But what she is saying is that there has emerged a new radically evil development. That when we look at the arch tyranny in Western world history it's the Roman Empire, without a doubt. And successors and variations, there's always someone claiming to resuscitate it, a Charlemagne, a Napoleon. But Hitler was not a Charlemagne, he was not a Napoleon he was a radically different phenomena. Whereas they manipulated laws, Hitler ignored laws. It's not about the Roman law tradition and power being manipulated by manipulating those who hold power oligarchically, it's about one Fuhrer who was exempt from criticism forever. And actually is a development which is psychotic. It is an abstraction of one man rule that has divorced itself completely from its roots and from any kind of context and now functions psychotically as an aberrant abstracted autonomous force which is particularly inimicable of human beings. Especially human beings on an increasingly list of slovenly flaws for which they must be killed because they are not perfect. And so the twentieth century saw the development of the most curious kind of radical evil. Truly Demonic.

A quality that in past historical situations was always considered to be a demonic realm that was God's problem and not man's. the Satan, the Devil, the Demons, they exist and are bad on the level of which angels and God are good. It's out of man's hands. One prays to the gods for deliverance because they can handle this, they exist on that level.
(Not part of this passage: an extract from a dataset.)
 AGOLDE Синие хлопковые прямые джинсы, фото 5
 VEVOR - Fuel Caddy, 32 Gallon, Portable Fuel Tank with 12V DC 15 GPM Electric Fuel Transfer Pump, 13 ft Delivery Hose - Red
But in the twentieth century, even though the demonic still survives, the confidence in the Divine is dead. And just as one could say that the Divine was embodied in a man, now the sobering realization is that just in the same way the demonic could be embodied in a man. And of course one recognizes that this is a theological point that was held very very clearly by the Essenes. And from them to the Gnostics. But when it was with the Essenes it was particularly true of a quality of religious experience that the Greeks and the Romans did not have historical and conscious experience with, though it was mythologically and symbolically rooted in the very structure of their behavior and their minds. In other words they felt an affinity with positions that they were not familiar with intellectually, and the positions take place in the Jewish religion, in the Jewish formulation of Cosmology at a very specific and particular time in historical development; the time of the Essenes. From about the 200 BC period through to about the 70 AD. In that time frame, running a little beyond 70 AD the Bar Copa revolt is about 130 and it's still operative at that time. And there are indications of a little bit before.

But if you're looking for the parenthesis to locate where in historical experience and memory, where is the stage for this? Or to use what we're understanding today, not the stage but where is the theater of ideas for this. It begins with the book of Enoch and it ends with the Roman armies decimating Jerusalem. It goes from Enoch to the fall of Jerusalem. And in that development, what is consistent as a common denominator (the book of Enoch is about 196 BC, the fall of Jerusalem 70 AD), in that theater of ideas, the building plan, though it morphs all the time, has a common foundation all the time and that is the rise of Roman power. Before 200 BC, though the Romans had become very tough, they were not the Roman power which one would dramatically archetypally fear in prophetic revelations. Whereas after that, increasingly the Romans displaced all other considerations for the coming demise of everything good; the coming subjugation of everything that had been developed.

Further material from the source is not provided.